▸ **SOURCE MATERIAL**
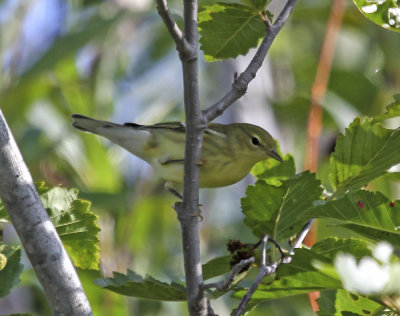 Pine Warbler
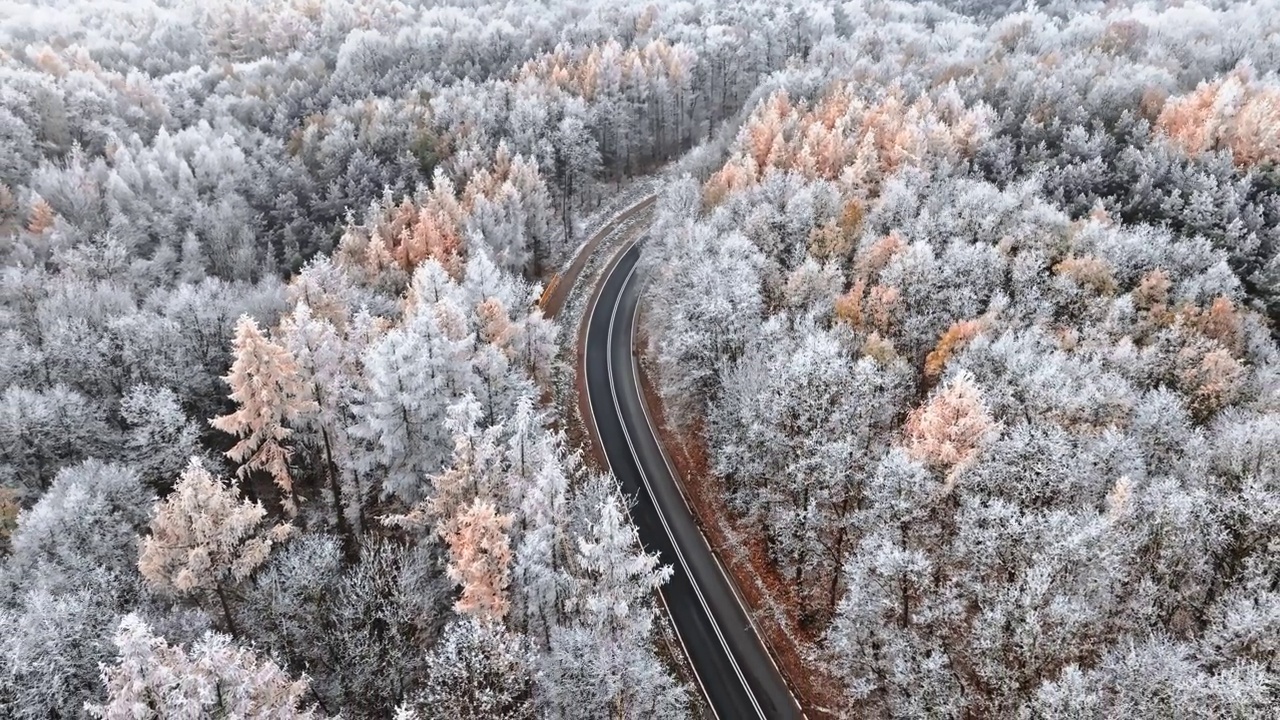 冬日的柏油路之间是五彩缤纷的雪林与雾凇，波兰。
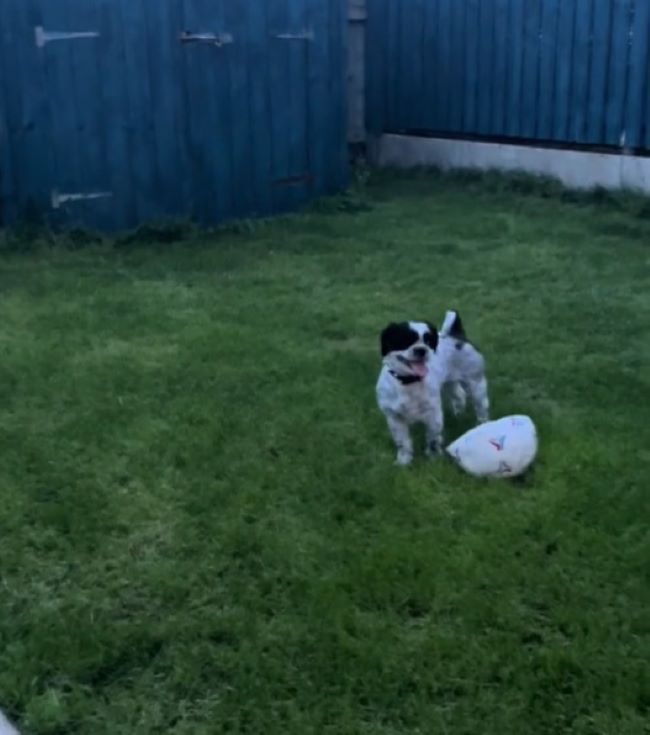 a playful dog is playing in the garden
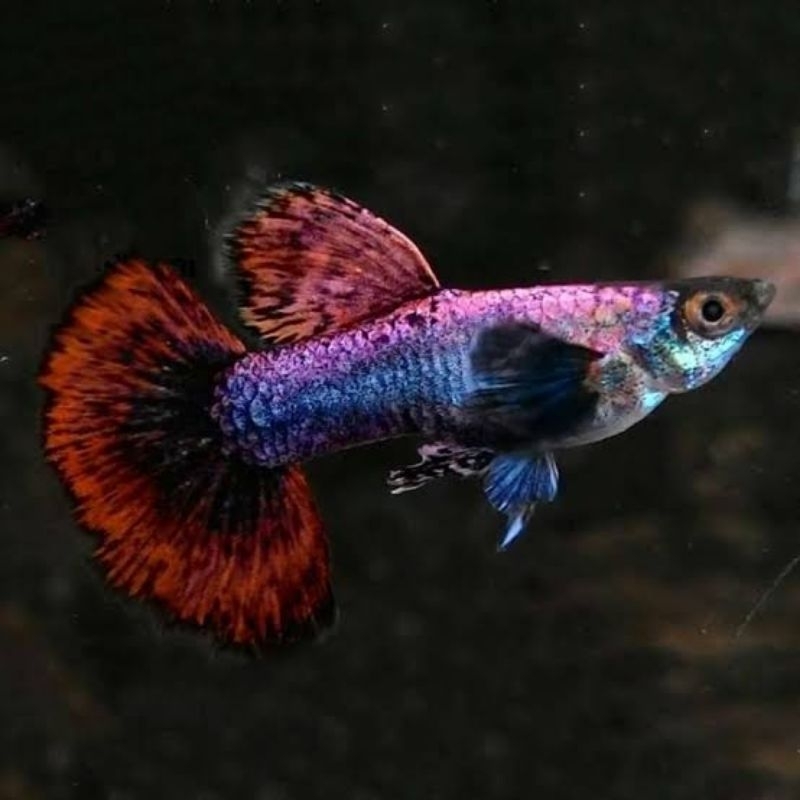 GUPPY MAGENTA SHORT BODY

▸ **EXERCISE**
Exact transcription of the full listing above is required; images do not belong in it.

▸ **TASK OUTPUT**
 Pine Warbler
 冬日的柏油路之间是五彩缤纷的雪林与雾凇，波兰。
 a playful dog is playing in the garden
 GUPPY MAGENTA SHORT BODY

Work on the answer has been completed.